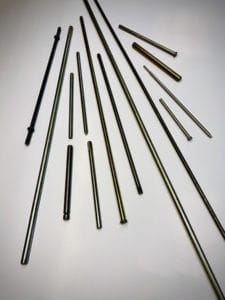 Rods and Shafts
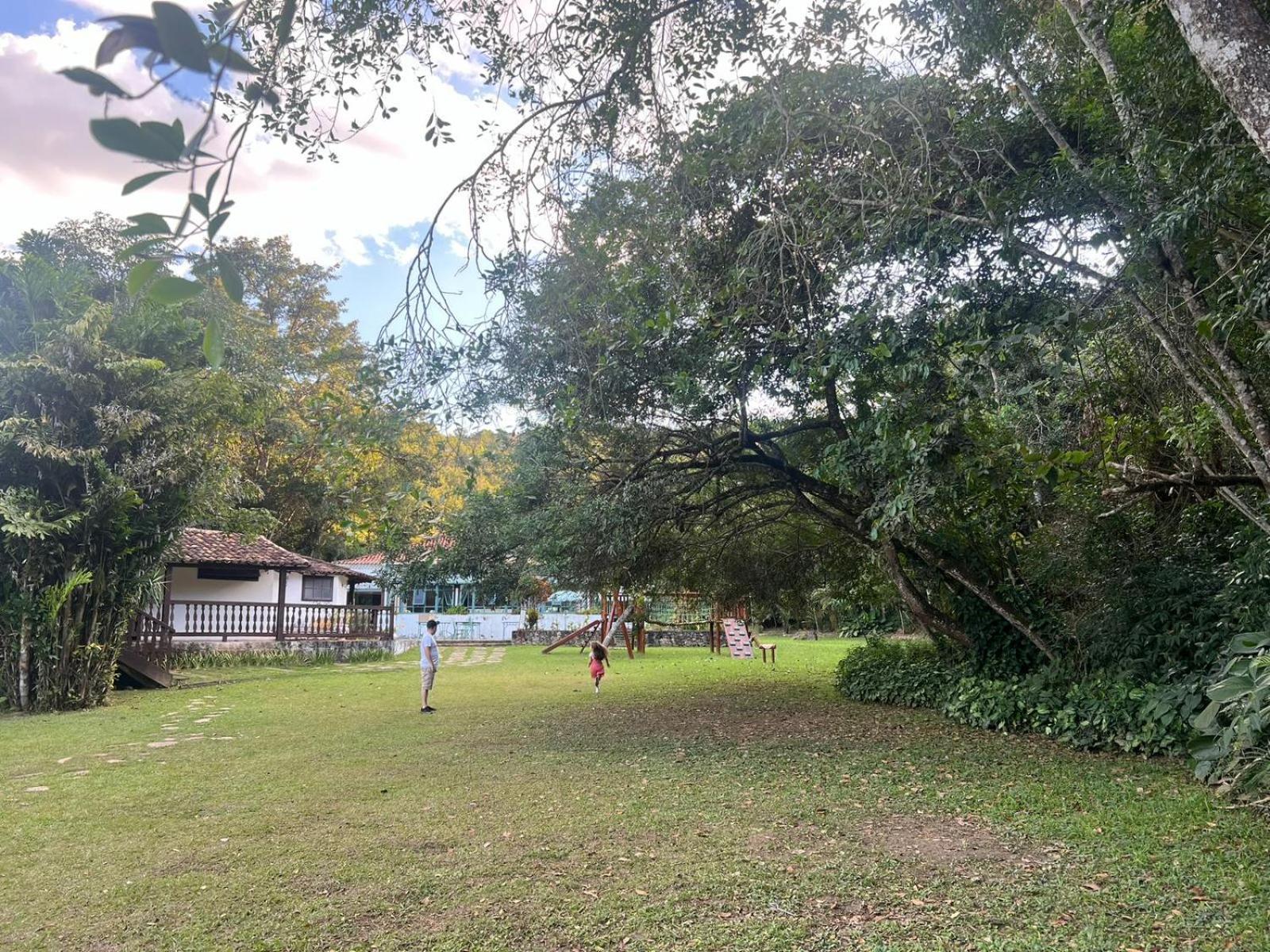 Pousada Candonga Da Serra Tiradentes Extérieur photo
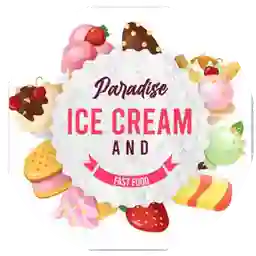 Paradise ice cream a Domicilio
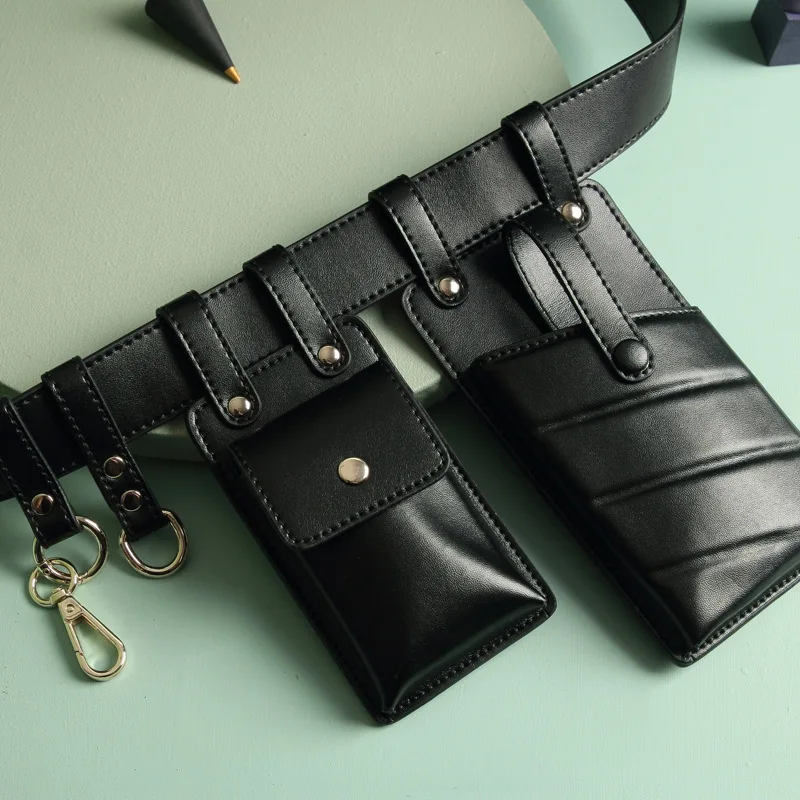 Girls Waterproof Cross-body Waist Bag Ladies Belt Bag Pack Punk Style High-quality Messenger Bag Fashion Travel Chest Bum Bag
Girls Waterproof Cross-body Waist Bag Ladies Belt Bag Pack Punk Style High-quality Messenger Bag Fashion Travel Chest Bum Bag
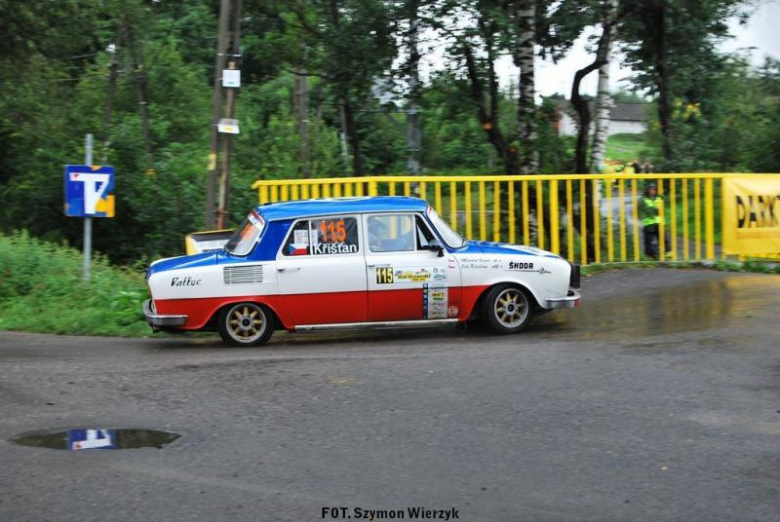 25. Rajd Karkonoski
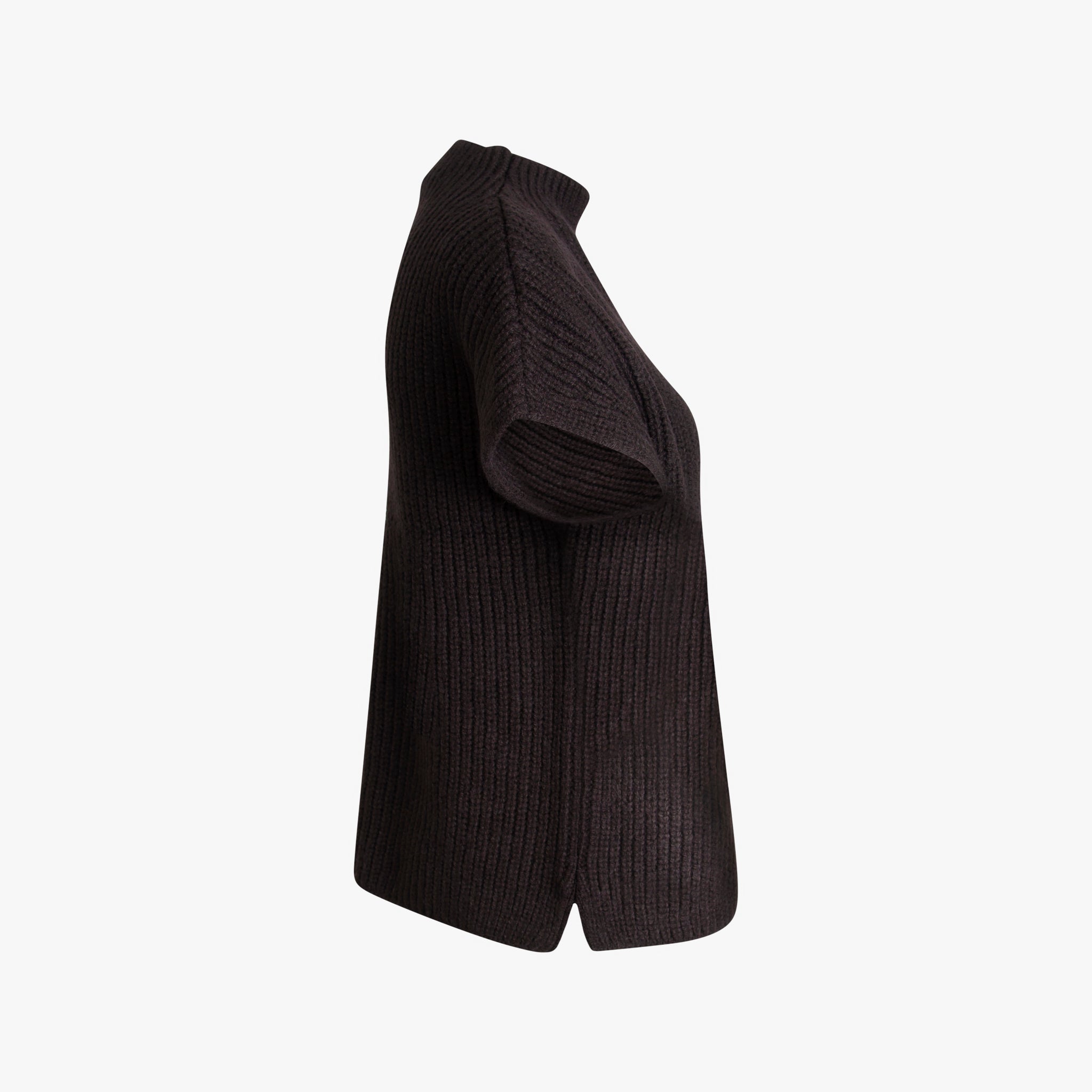 Strickpullunder | schwarz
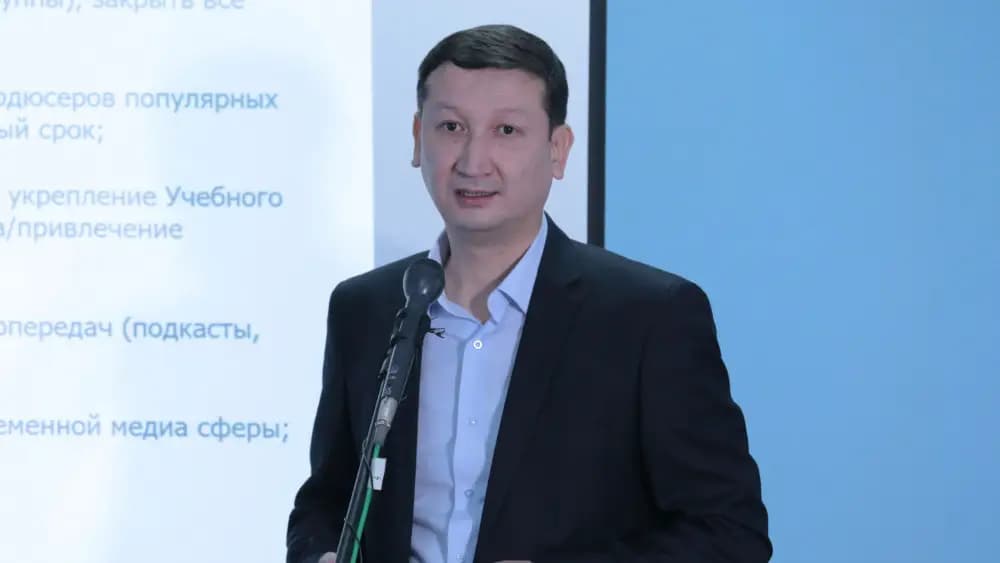 Алиев: Ар бир жаран пенсиясынын камын ойлоп, Соцфондго акча төлөшү керек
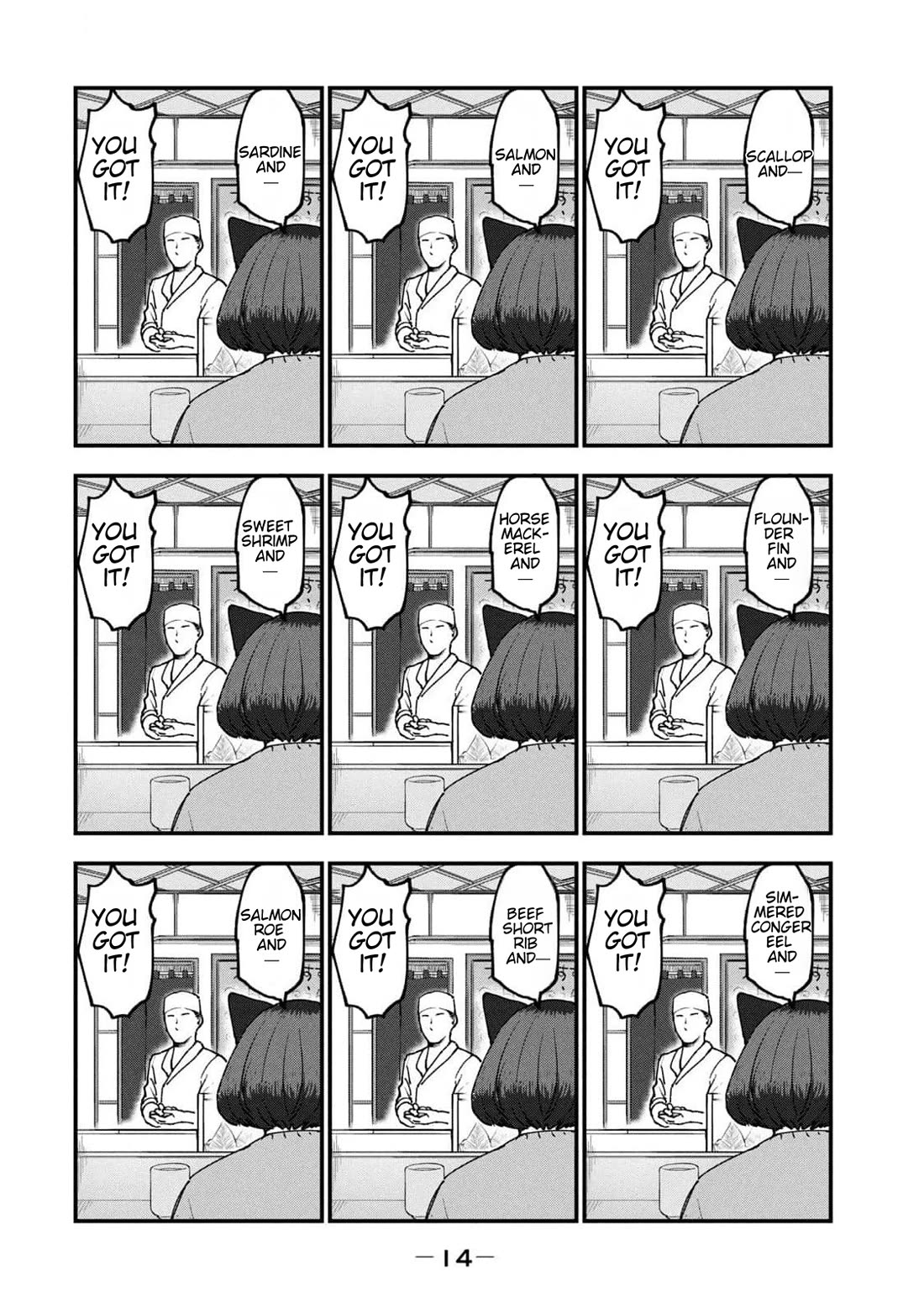 Chainsmoker Cat Chapter 159 page 2 - Chapter 159: 159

▸ **EXERCISE INSTRUCTIONS**
Quote exactly, and only, the lines from the line containing "Paradise ice cream a Domicilio" through the final line of the records above, both included, omitting any pictures.

▸ **RESPONSE TO THE TASK**
 Paradise ice cream a Domicilio
 Girls Waterproof Cross-body Waist Bag Ladies Belt Bag Pack Punk Style High-quality Messenger Bag Fashion Travel Chest Bum Bag
Girls Waterproof Cross-body Waist Bag Ladies Belt Bag Pack Punk Style High-quality Messenger Bag Fashion Travel Chest Bum Bag
 25. Rajd Karkonoski
 Strickpullunder | schwarz
 Алиев: Ар бир жаран пенсиясынын камын ойлоп, Соцфондго акча төлөшү керек
 Chainsmoker Cat Chapter 159 page 2 - Chapter 159: 159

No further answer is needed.